-- Information follows --
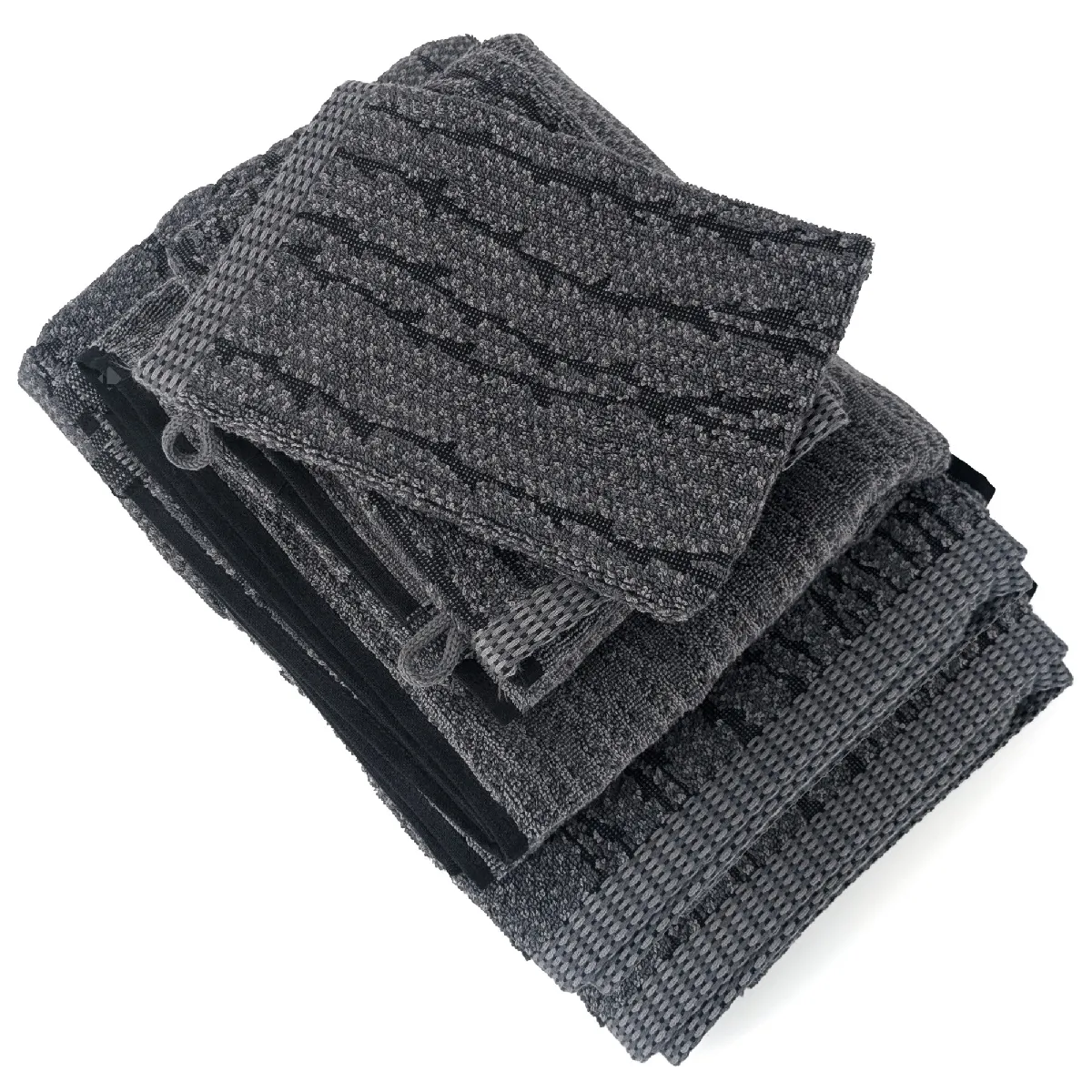 Parure De Bain 7 Pièces Osaka Motif Feuillage Pur Coton Gris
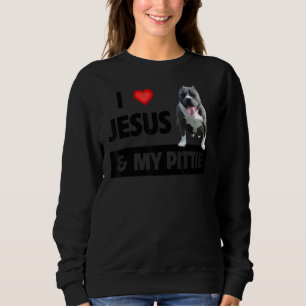 Sweatshirt J'Aime Jésus Et Mon Pittie Pitbull Chien Maman Pap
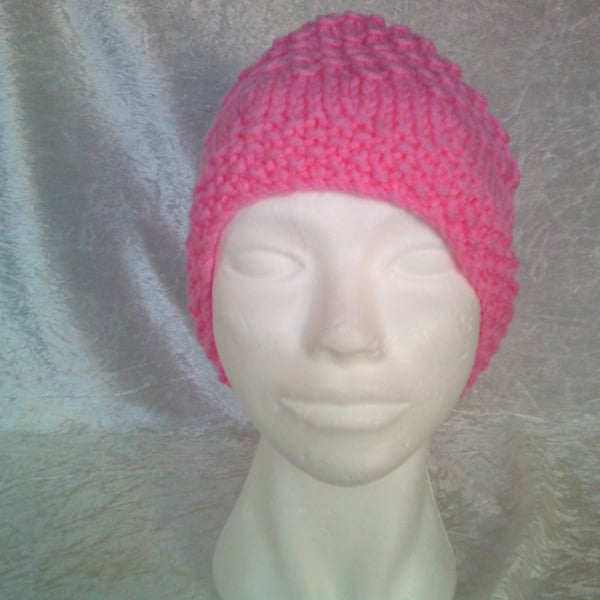 Chunky Raspberry Pink Ladies Hat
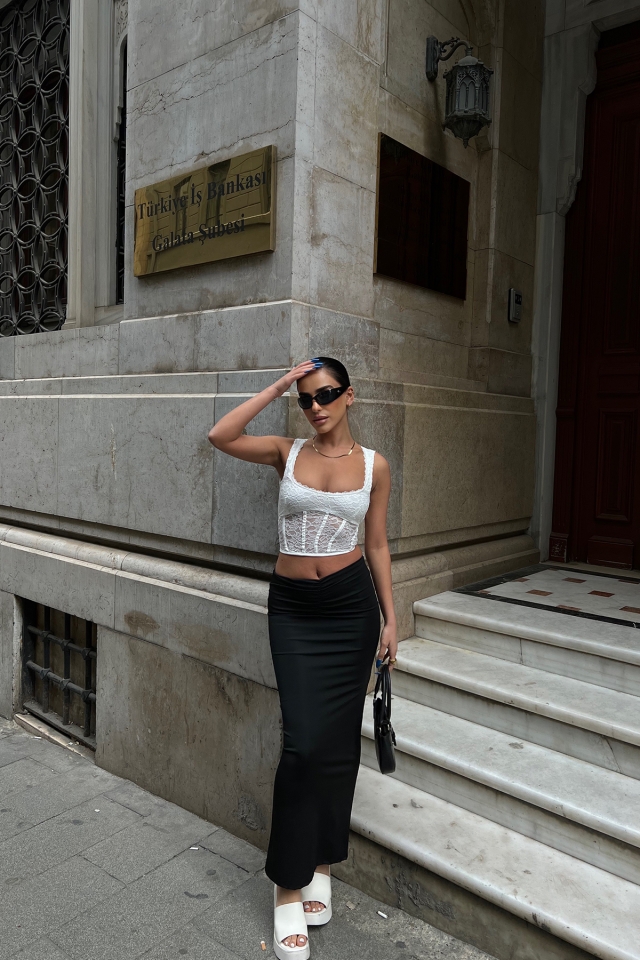 Beyaz Dantel Detay Crop Top ATE6719 - 4
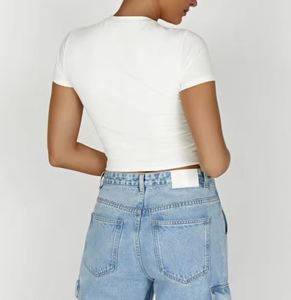 Custom High Quality Plain Short Sleeve T-Shirt Crop <b>Top</b> Tshirt Blank Cotton Girl <b>Y2K</b> Baby Tee for Women - Product Image 5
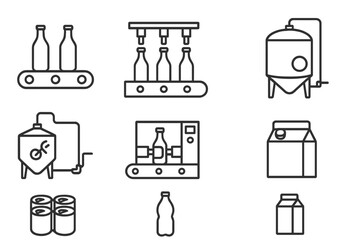 Beverage production line icons. Manufacturing and packaging vector icon set. Factory conveyor belt, bottling plant, processing equipment, automated line, drink industry graphics.
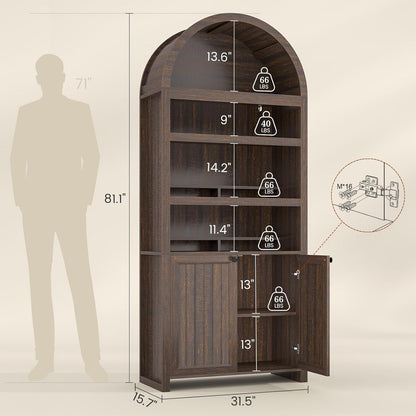 81" Tall Arched Bookshelf, Kitchen Pantry Storage Cabinet, 6-Tier Bookcase with 2 Doors for Living Room, Kitchen, Home Office, Walnut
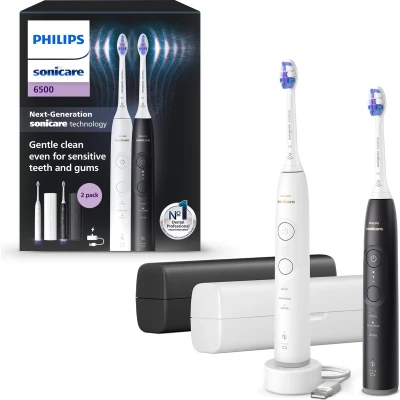Afbeelding van Philips Sonicare 6500 Series Elektrische Tandenborstel Zwart &amp; Wit Duopack Reisetui Gevoelige tanden HX7419/01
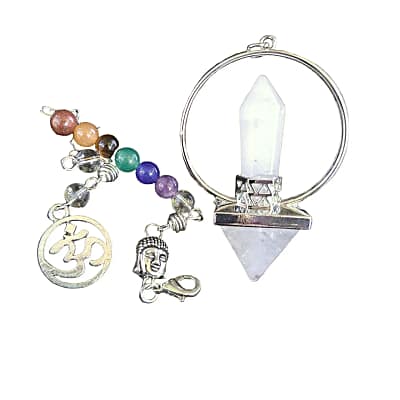 Pendulo Quartzo Branco Piramide Ponta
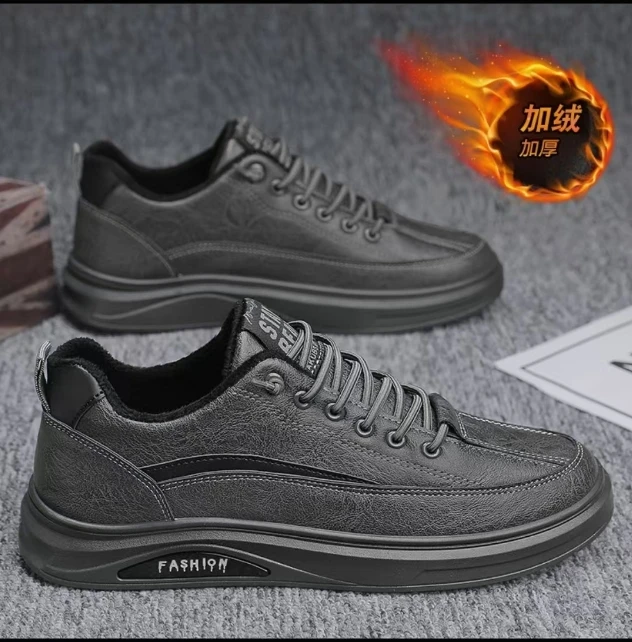 秋冬新款男鞋防水防滑潮流黑色休闲时尚百搭透气免系带一脚蹬0258
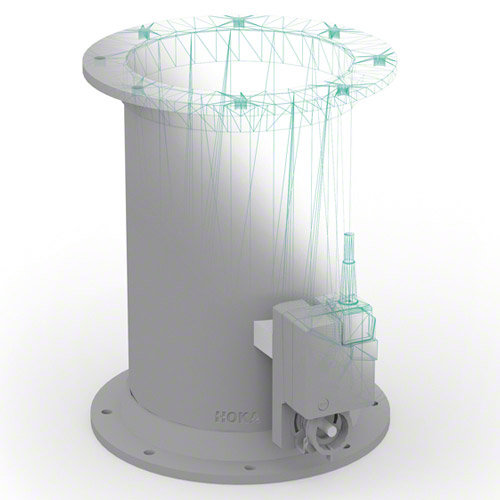 PE&nbsp; control valve with&nbsp; flanges prepared for motor, version 2 with interior stop for damper blade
-- Information concluded --
• [Directions]:
Would you repeat exactly, and only, the lines from the start of the records above through the line containing "Custom High Quality", with the pictures omitted?

• [Response to the exercise]:
 Parure De Bain 7 Pièces Osaka Motif Feuillage Pur Coton Gris
 Sweatshirt J'Aime Jésus Et Mon Pittie Pitbull Chien Maman Pap
 Chunky Raspberry Pink Ladies Hat
 Beyaz Dantel Detay Crop Top ATE6719 - 4
 Custom High Quality Plain Short Sleeve T-Shirt Crop <b>Top</b> Tshirt Blank Cotton Girl <b>Y2K</b> Baby Tee for Women - Product Image 5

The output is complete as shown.